H. Evaluation Metrics
Testing of the model was done using intramural holdout and extramural test sets. The following metrics were used to evaluate the efficacy of the model using the test sets, (1) Sensitivity, (2) Specificity, (3) Area Under the Receiver Operating Characteristic (AUC), (4) Accuracy, (5) Precision and (6) F1-Score. Confidence Interval (CI) for AUC were calculated using Hanley & McNeil test40, and CI for adjusted sensitivity and specificity were obtained using the Wilson Score method41. Statistical analysis was done using Python 3.7 statistical library, and a P-value of 0.05 was considered statistically significant.

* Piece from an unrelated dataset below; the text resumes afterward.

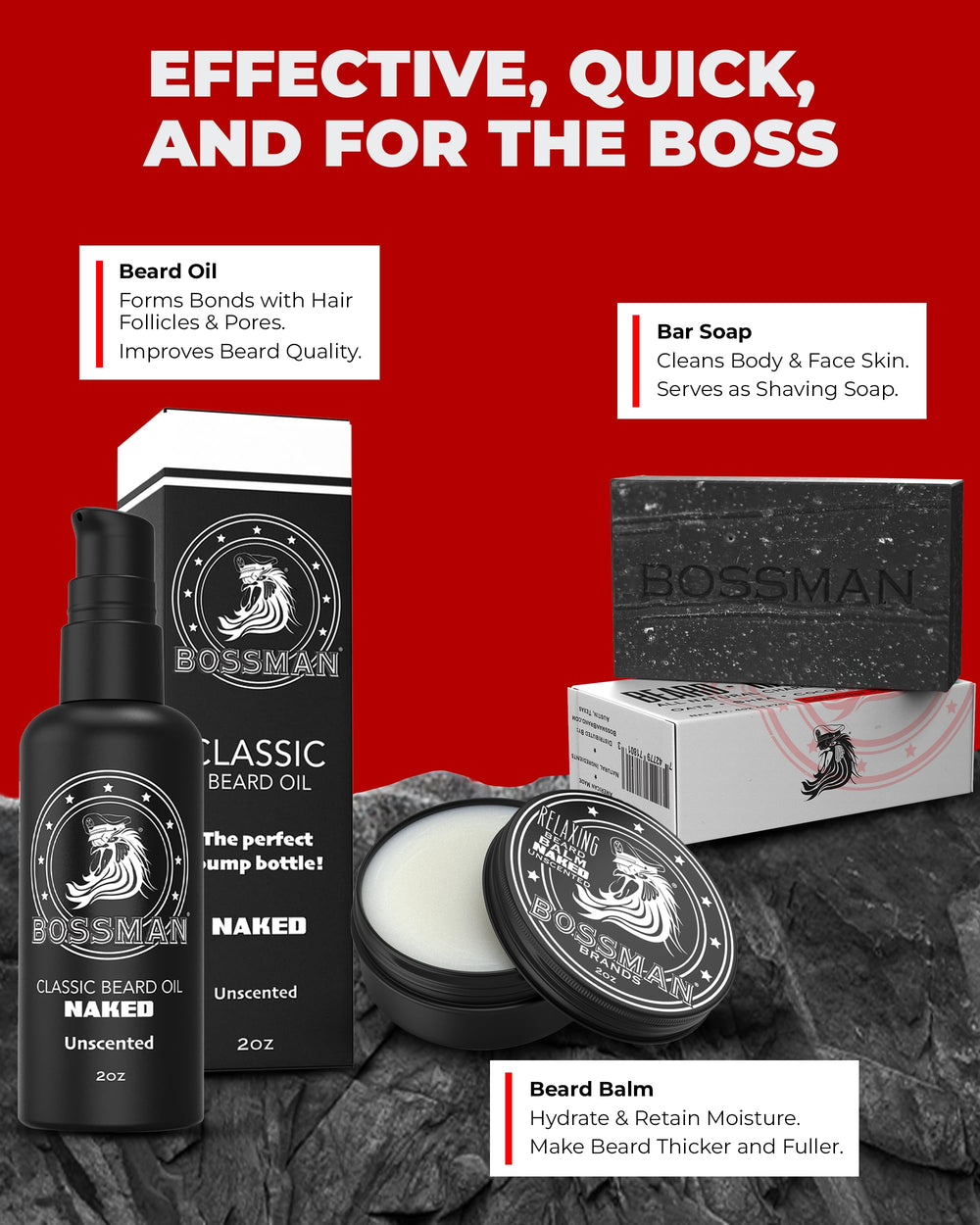 Close-up of Bossman ingredients label highlighting natural oils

Ethics approval and consent
Ethical approval for this study was obtained from the Institutional Ethics committee for Observational studies of Jawaharlal Institute of Postgraduate Medical Education and Research (JIPMER), Puducherry, India (JIPMER ethics committee number JIP/IEC/2019/533). Waiver of written informed consent was approved by JIPMER institutional ethics committee as all data sources used (patient demography, laboratory records, and chest radiography) were previously available, and no patients needed to be contacted. Additionally, all data were collected anonymously and de-identified using study identifier before reading by the radiologist, model development, validation, and testing. All methods were carried out in accordance with Indian Council of Medical Research (ICMR) and International Committee on Harmonization of Good Clinical Practice (ICH-GCP) guidelines and regulations.